Waking from seven days of unconsciousness is an enigmatic event sure to traumatize many of our nation’s youth for years to come, though not as traumatic as watching their classmates be slaughtered by military-grade weapons in school only to have an NRA-beholden President fail to make meaningful commitments to ban such weapons.

FEMA has begun to assemble a task force to address the myriad of implications stemming from an event of this magnitude, the long-term effects of which pale in comparison to the effects on our social and governmental institutions of having an unprepared ignoramus of unparalleled proportions as president. A spokesperson for the organization also said they are going to “try their best not to fuck up the Puerto Rico disaster response this time around,” seeing as they now have nearly a year to plan ahead for Hurricane Maria.

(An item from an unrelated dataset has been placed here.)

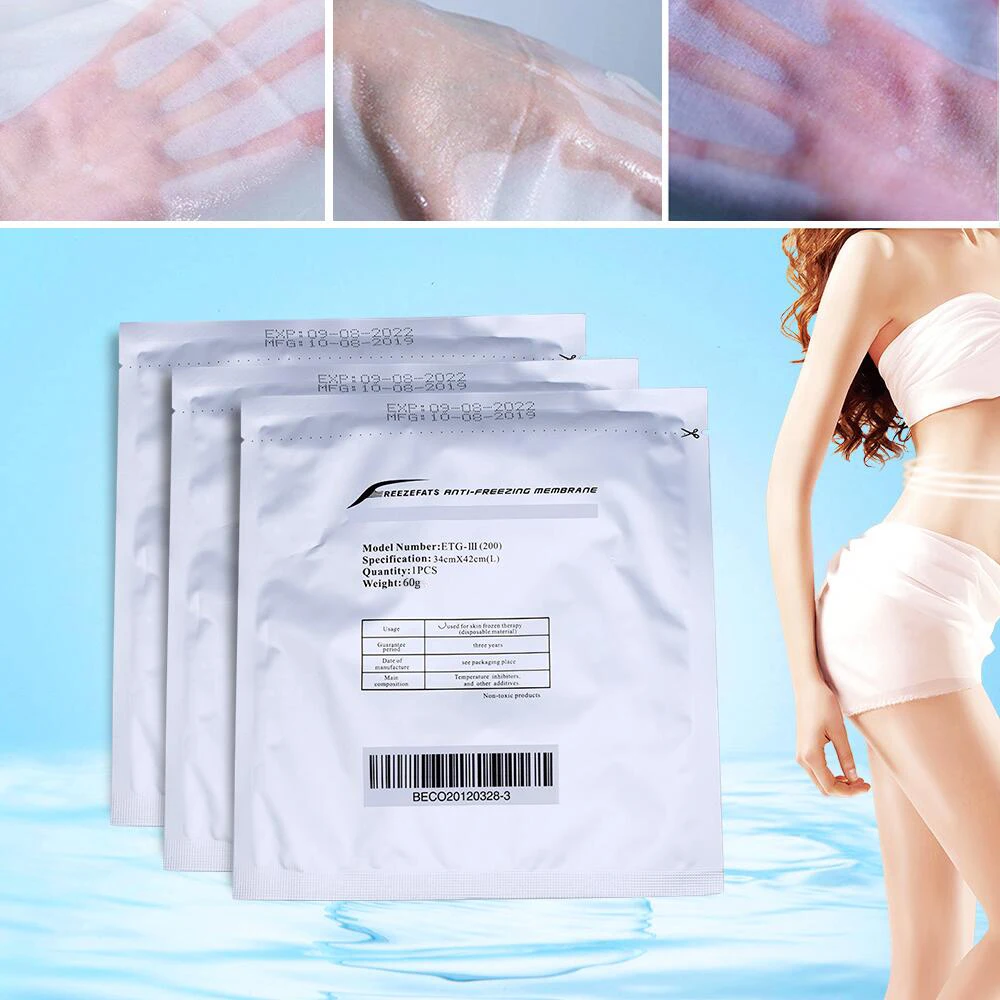 AOKO 5/10/20 pcs Anti Freeze Membrane For Fat Freezing Machine Fat Body Slimming Lipo Anti Cellulite Dissolve Fat Cold Therapy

Firefighters in Utah have spent much of the day responding to a small brush fire that began when a truck driver crashed after slipping into the delusion while behind the wheel. The fire is mostly contained after spreading through an area of Bears Ears National Monument, which is at least still part of the national monument.

President Obama issued a statement saying that while he was enjoying being done with the presidency and is disappointed the “pretty sick” water ski tricks he pulled off were only a delusion, he is happy to know his successor will not be an inexperienced, egotistical con man who spread hateful rhetoric throughout his entire campaign. The President stated that he is happy to know that numerous legislative accomplishments of his administration will not be reversed simply do to a spiteful desire to dismantle his legacy.

Mark Zuckerberg also weighed in on the implications of the mass delusion today. The wealthy CEO said during a Facebook livestream that he is happy to learn the company was not successfully used as a propaganda tool by a foreign government to influence our election. He promised that he has “tasked a team of top programmers to optimize Facebook’s advertising revenue to make as much profit as possible before the social media platform inevitably leads to the collapse of journalism, independent online media, and the general concept of truth in our society.”

Stacey McKenzie, a substitute teacher from New York, chose not to vote in the presidential election but noted that she was happy to find out that the next president would not be a man that 18 women have accused of sexual misconduct on the record. “Hillary just wasn’t my ideal candidate,” she said, “but sexism in America couldn’t possibly have been so strong that people would rather vote for a man with documented predatory behavior towards women than a woman. Deep down, I think I knew it wasn’t real.”

John Nelson, a small business-owner from California, finds Tuesday morning’s revelation to be comforting. “Of course it was a delusion,” he said. “That was simply too absurd and awful to really happen. We wouldn’t let that actually happen in America. It just couldn’t, y’know?”

The National Oceanic and Atmospheric Association noted a small uptick in global carbon dioxide emissions today, likely due to a higher than normal number of deep sighs of relief around the globe.